On Monday, BMW became the first carmaker to reveal its new hybrid racing prototype built to the new LMDh rule set. It’s called the BMW M Hybrid V8, and it will race for the first time at next January’s Rolex 24 at Daytona.
Sports car racing is in the midst of a transition period as race organizers in the US and Europe adopt new rules for prototype race cars. Because we’re talking about sports car racing, and because there are two sets of organizers, it’s all a bit complicated.
The 24 Hours of Le Mans is organized by the French Automobile Club de l’Ouest, or ACO. Many of the cars that run in that race also compete in the World Endurance Championship, which is organized by the Federation Internationale de L’Automobile (or FIA). In the US, there’s the International Motor Sports Association (IMSA), which runs the WeatherTech championship.
Everyone agreed that it was time for a new set of prototype rules, but the ACO went in one direction, and IMSA went in another. The ACO came up with a class initially called Hypercar, now named Le Mans Hypercar (LMH), for purpose-built endurance racing cars. These can be hybrid or powered by an internal combustion engine, and they can be derived from a road-going car or not—it’s up to the manufacturer.
LMH got underway in 2021, and at this year’s 24 Hours of Le Mans—held this coming weekend—there are entries from Toyota, Glickenhaus, and Alpine. Over the next couple of years, we should see cars from Peugeot and Ferrari, among others.

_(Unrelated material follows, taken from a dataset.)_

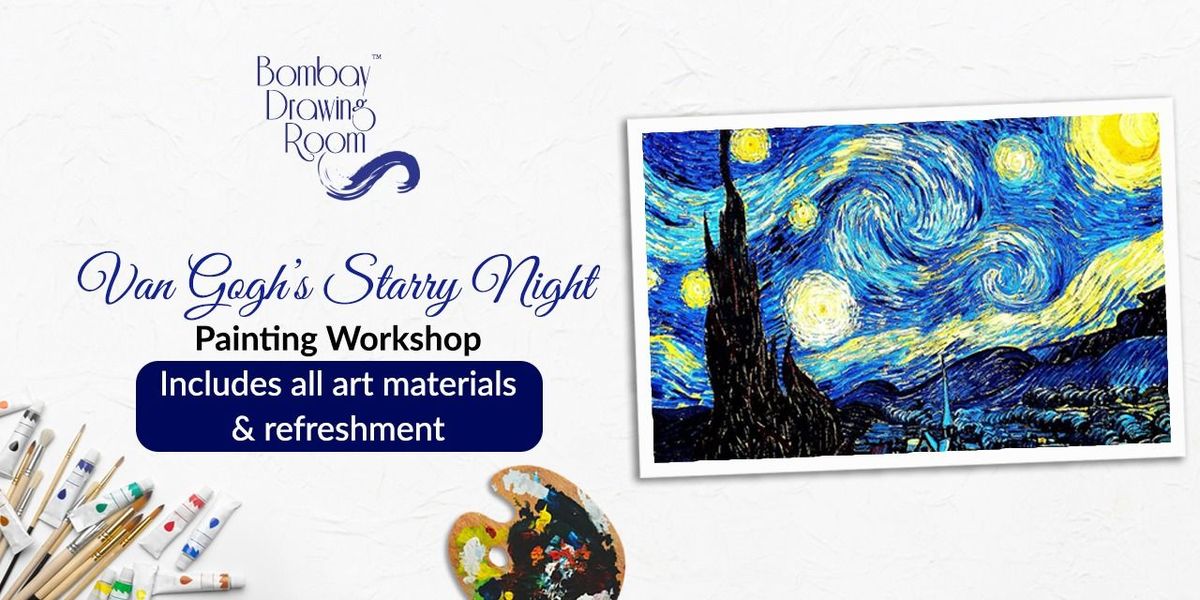 Van Gogh's Starry Night Painting Workshop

IMSA’s concept is called LMDh, for Le Mans Daytona hybrid. It is an evolution of IMSA’s successful DPi category, itself derived from the ACO’s extremely successful LMP2 category. Companies will not need to design an entire race car from scratch; instead, each LMDh car starts off with a chassis (or spine) from one of four approved manufacturers—Dallara, Ligier, Multimatic, and Oreca.
The OEM supplies the engine, electronics, and styling. But many components are specified and common to all competitors in order to keep costs down. That includes the hybrid system, which combines a Bosch electric motor-generator unit, a lithium-ion battery from Williams Advanced Engineering, and a gearbox by Xtrac.

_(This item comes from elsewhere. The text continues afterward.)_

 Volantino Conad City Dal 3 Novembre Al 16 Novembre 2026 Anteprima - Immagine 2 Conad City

Here’s where it gets a bit complicated: Despite the two different rule sets, both IMSA and the ACO want teams from the other series to play in their sandboxes, so there’s an equivalency process to match the performance of LMDh and LMH. (I’ve written more extensively about how that works in the past.)
In BMW’s case, it’s working with Dallara, which has seen a lot of success with Cadillac in DPi over the last few years. BMW hasn’t given details about the M Hybrid V8, other than saying that the BMW engine behind the cockpit is a V8 (but you probably worked that out from the name).

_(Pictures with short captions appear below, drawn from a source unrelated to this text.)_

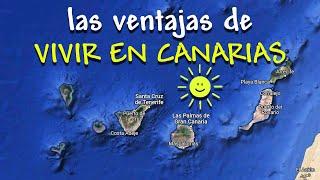 ️ Las ventajas de vivir en las Islas Canarias | ️ Advantages of living in the Canary Islands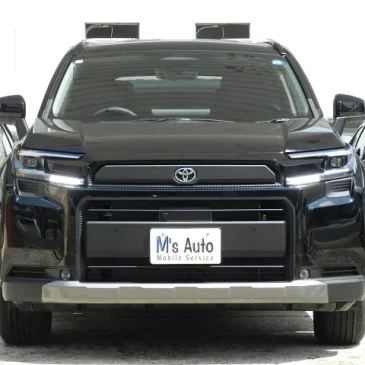 新型RAV4 アドベンチャー ハイブリッドE-Four入庫したてほやほやブログ第一弾！
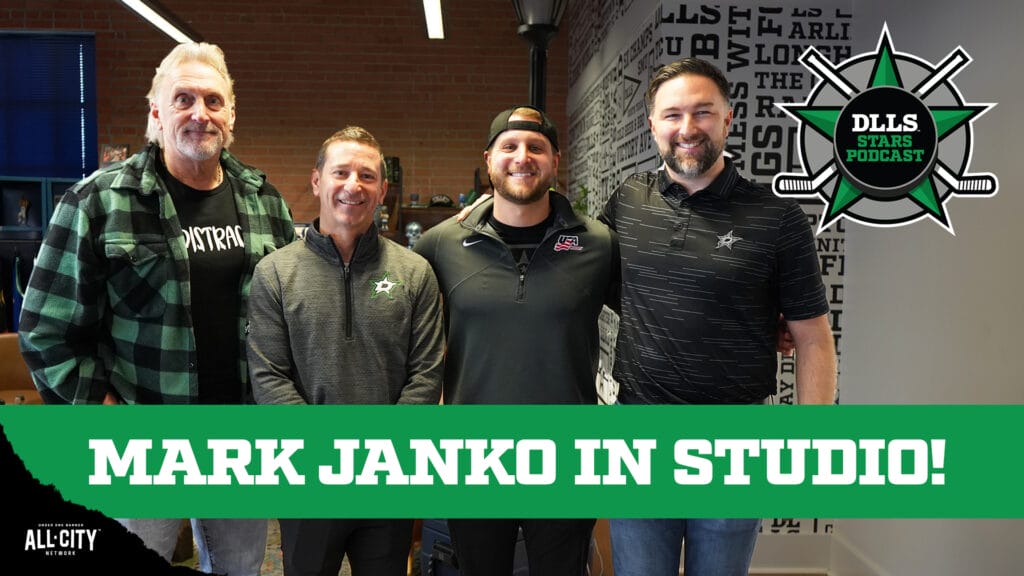DLLS Dallas Stars podcast - Mark Janko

We can see how the OEM has used the styling freedom of LMDh to link the prototype with its road cars, specifically that big grille up front. The LMDh rule set demands a low, 4:1 ratio of downforce to drag, so there’s not really an aerodynamic penalty for using road car styling elements.
BMW’s M Hybrid V8 may be the first LMDh car to officially break cover, but it’s not the first to start testing. Porsche, working with Multimatic, got a head start on all its LMDh rivals and began testing its unnamed race car in January. And over the past few days, both Acura and Cadillac have teased their own LMDh cars; they should take the grid at Daytona next January.
BMW initially planned to campaign the M Hybrid V8 in North America only, as it’s the brand’s biggest market. But now it’s now thought that a 2024 Le Mans entry could be a possibility.